**Problem description**
All pictures are to be omitted while the lines starting at the line with "Beautiful black faux" and ending at the line with "SCHAUDER Maurice Mendel -1987" in the material below are retyped exactly, both ends included.

**Dataset records**

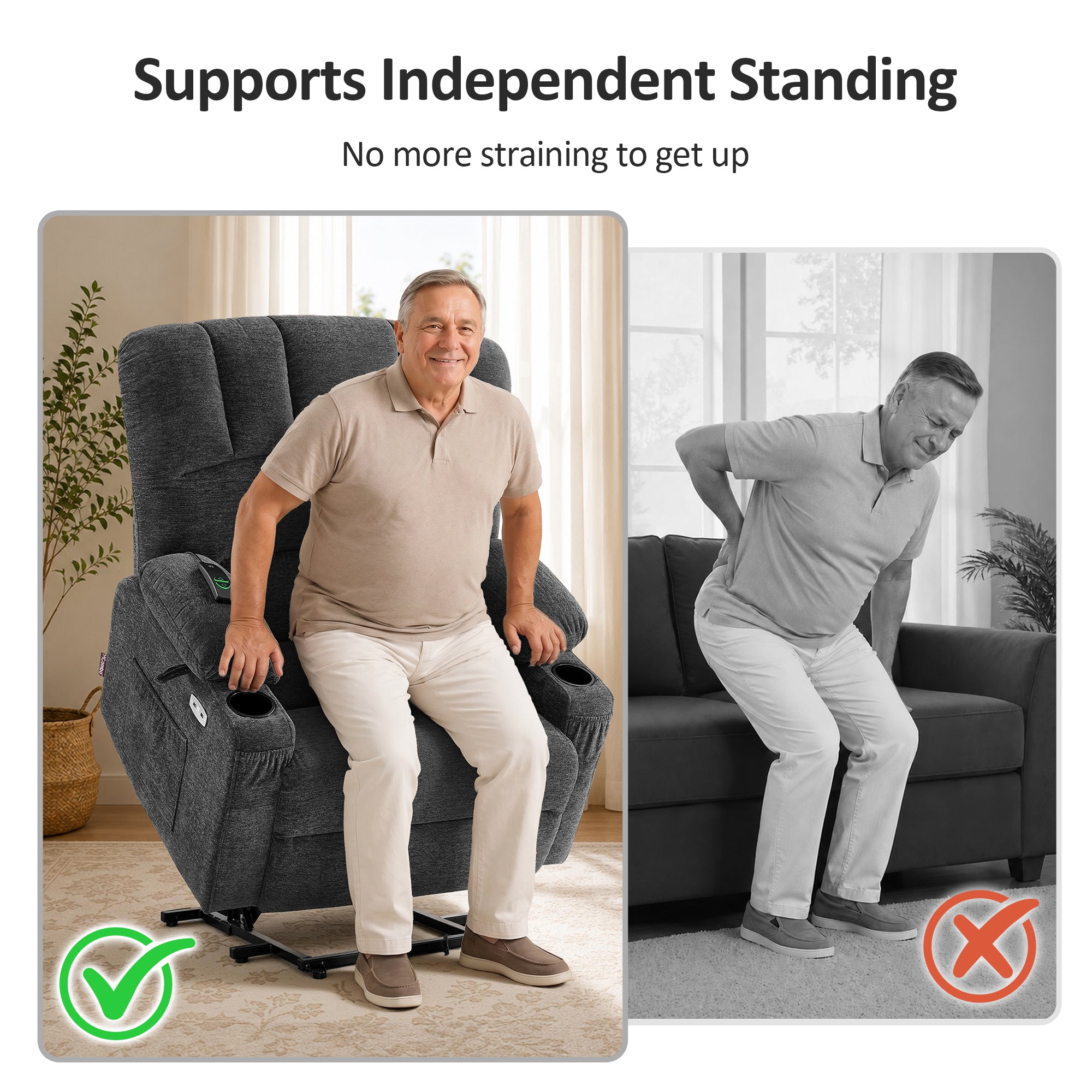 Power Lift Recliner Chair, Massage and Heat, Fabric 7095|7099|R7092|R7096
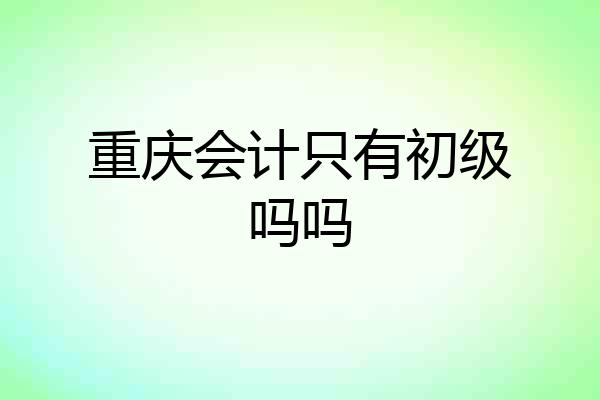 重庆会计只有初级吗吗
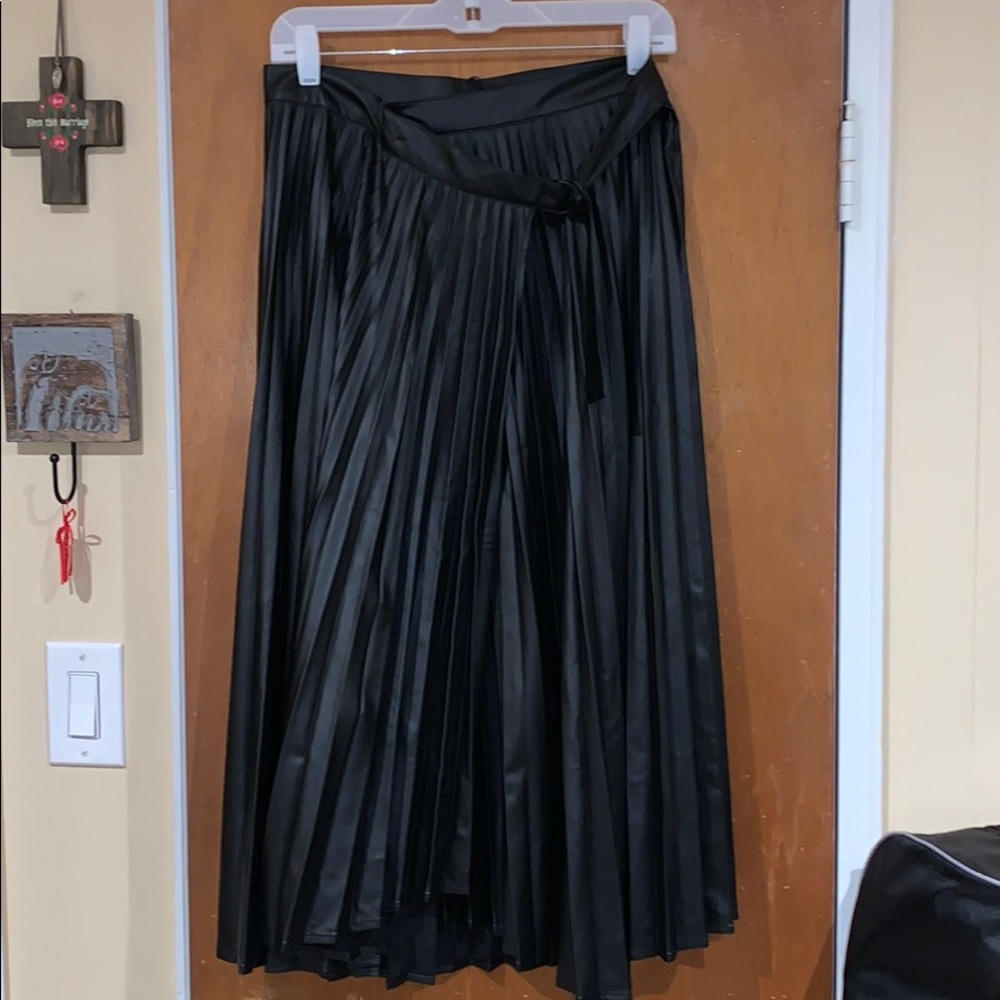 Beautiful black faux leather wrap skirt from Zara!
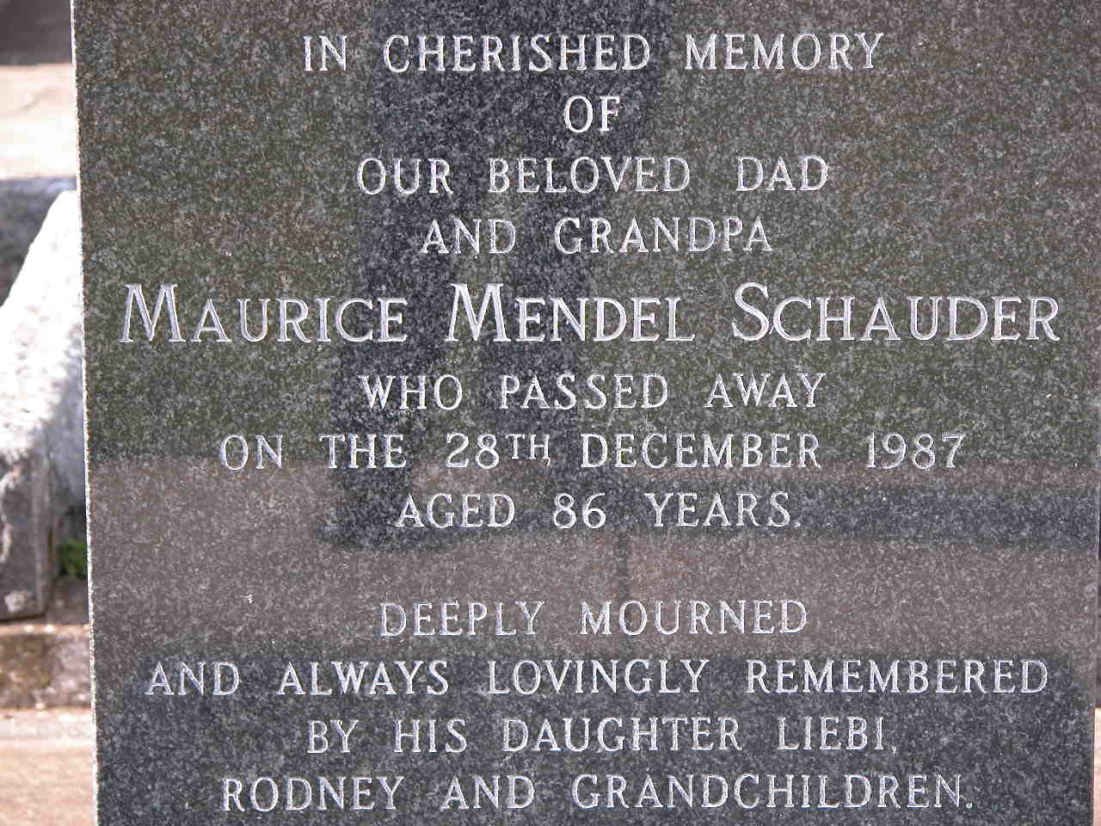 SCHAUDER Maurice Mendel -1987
---
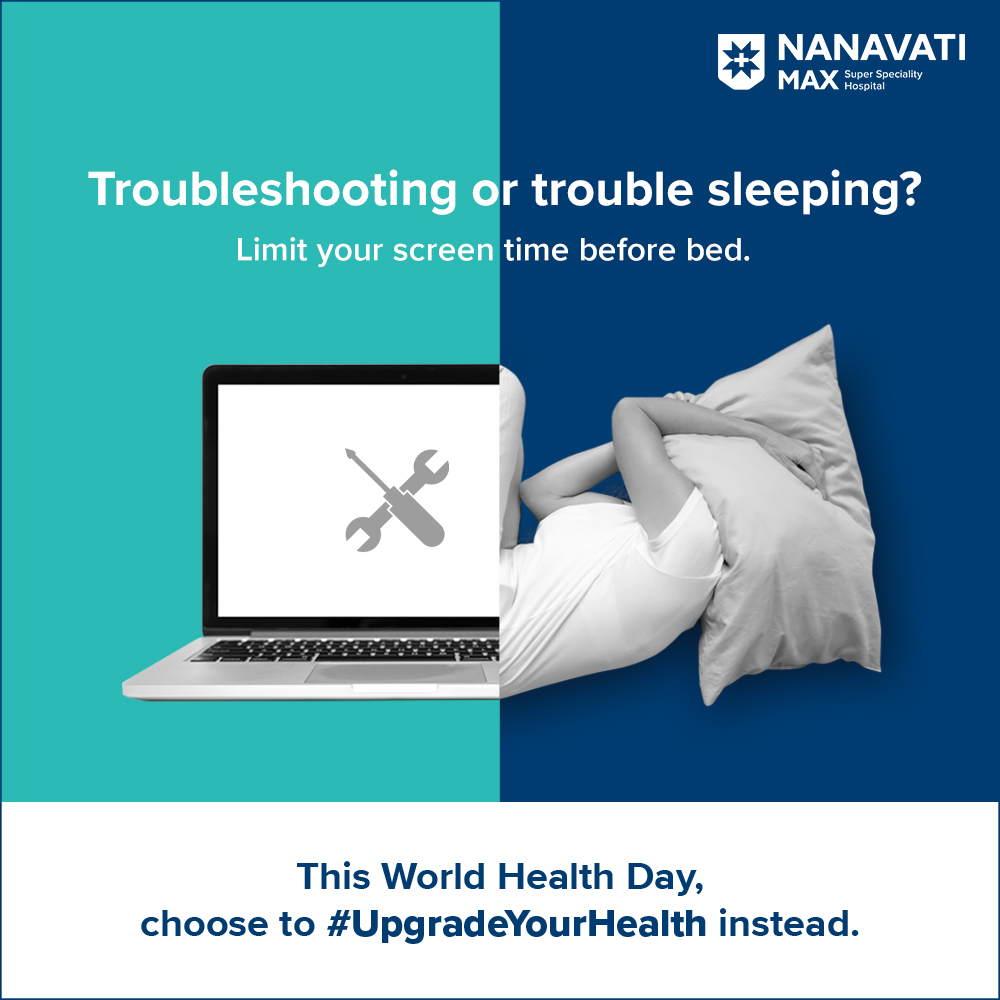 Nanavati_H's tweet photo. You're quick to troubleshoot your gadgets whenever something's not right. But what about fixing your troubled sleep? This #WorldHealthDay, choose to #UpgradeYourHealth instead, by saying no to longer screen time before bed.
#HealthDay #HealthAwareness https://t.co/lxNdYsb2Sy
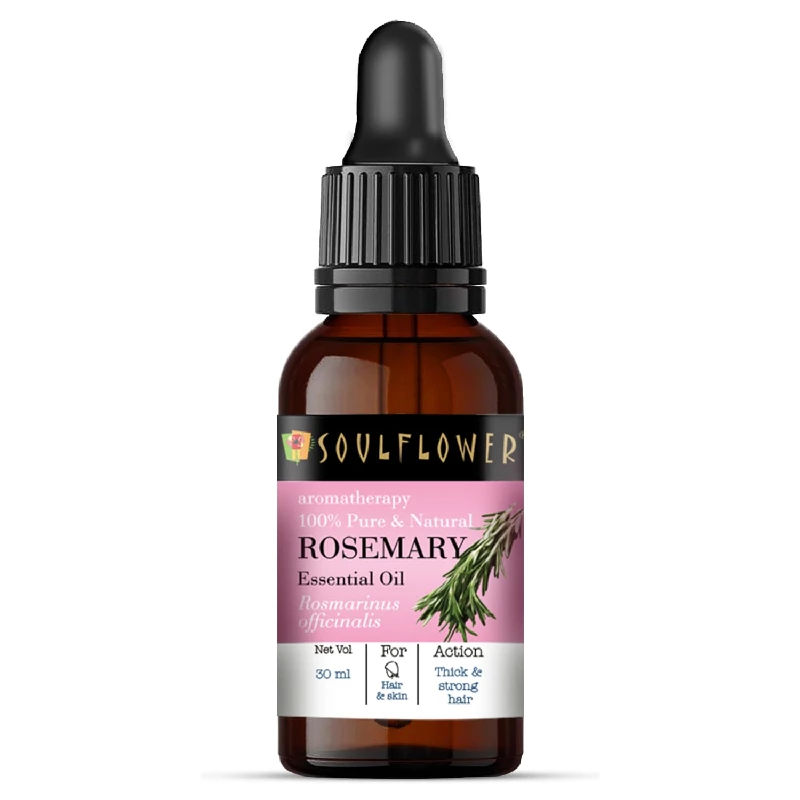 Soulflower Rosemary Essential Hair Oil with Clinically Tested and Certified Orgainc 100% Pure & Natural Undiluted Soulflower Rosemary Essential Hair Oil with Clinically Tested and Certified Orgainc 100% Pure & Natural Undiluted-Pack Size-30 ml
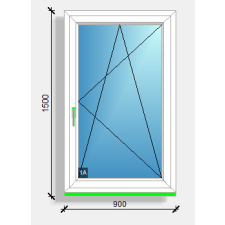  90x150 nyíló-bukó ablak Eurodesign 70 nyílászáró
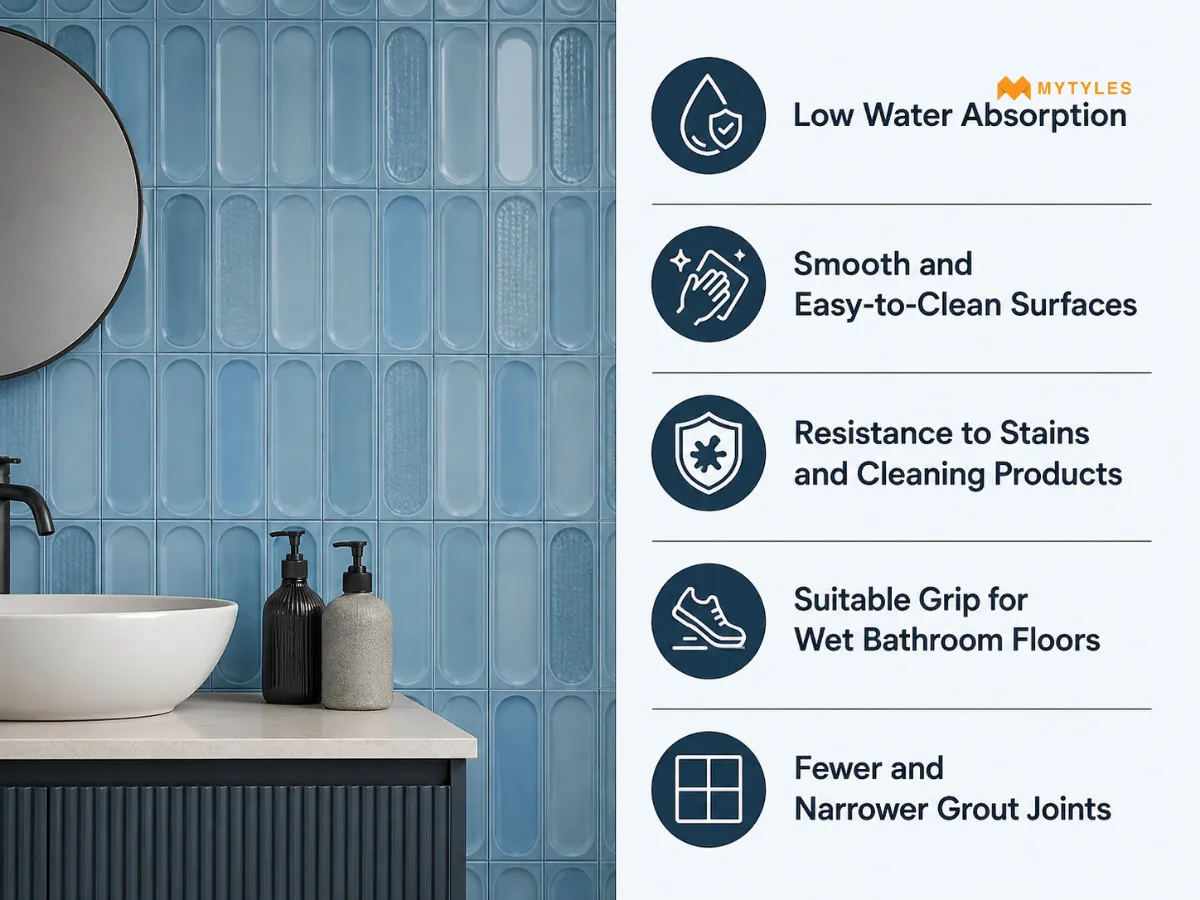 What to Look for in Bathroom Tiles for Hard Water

**Written reply**
 Beautiful black faux leather wrap skirt from Zara!
 SCHAUDER Maurice Mendel -1987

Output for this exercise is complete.